Update Just because we got a little sidetracked below, I want to clarify that I understand time moving backwards is strange case. While all suggestions are appreciated for discussion, this question centers around how to fix the SW to handle the case. I realize there are potentially ways to solve it via HW but I'm more curious as to why specifically it is failing and how to recover, not how to prevent it from failing in the first place, if that makes sense. While there are some HW solutions that limit the potential of this edge case, there are none that bring it down to 0 at least with my current system limitations and the HW options are sadly not viable. The SW options may also not be viable, but just trying to understand them.
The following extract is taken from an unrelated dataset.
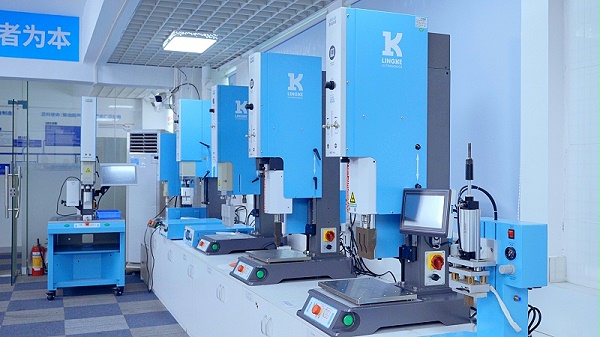 展厅内排列的LINGKE品牌蓝色机器202307-_1.12.1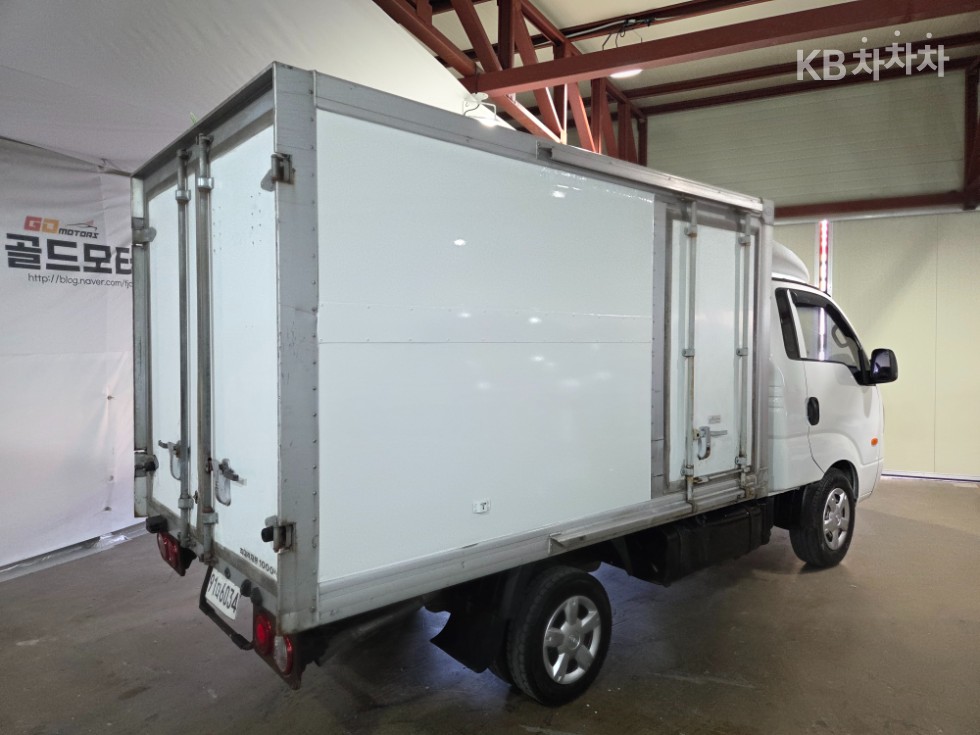 2011 - kia bongo iii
One solution that seems to work so far is re-image the machine but was hoping there was something less draconian.

NTP should always give UTC time, so I'm not sure as to why you are saying time is changing. Kerberos is also very time sensitive, so if you are having large time swings as NTP corrects, then it's little wonder it's failing. — Bib, Mar 21 '22 at 22:35
thanks for the comment. as i mentioned , this is an offline environment and there is no guarantee the NTP source will always move forward. I know kerberos is time sensitive, but where does it store its time information so it can be reset? — vtwaldo21, Mar 22 '22 at 11:48
What happens if you remove `/var/tmp/krb5*` on both hosts? Yes, specifically /var/tmp. — u1686_grawity, Mar 28 '22 at 10:14
/var/tmp is basically empty and there are no krb* files in that or any subfolder under /var/tmp. I did poke around and found a folder /var/cache/krb5rcache, but it is empty. /var/kerberos has the configuration data, all file timestamps match that of system install and are not updated in real time as best i can tell (thanks for the idea) — vtwaldo21, Mar 29 '22 at 11:50
"_there is no guarantee the NTP source will always move forward_" - if you use it properly (even offline) there is that guarantee — roaima, Aug 31 '23 at 07:17

score 0 · Answer 1 · answered Mar 22 '22 at 13:04

0

It does not store the time, it make a vdso syscall to extract the time from o/s kernel. If they are not all in sync, then it will fail. If it's offline, then look at a RPi with a GPS hat and use that as a time source.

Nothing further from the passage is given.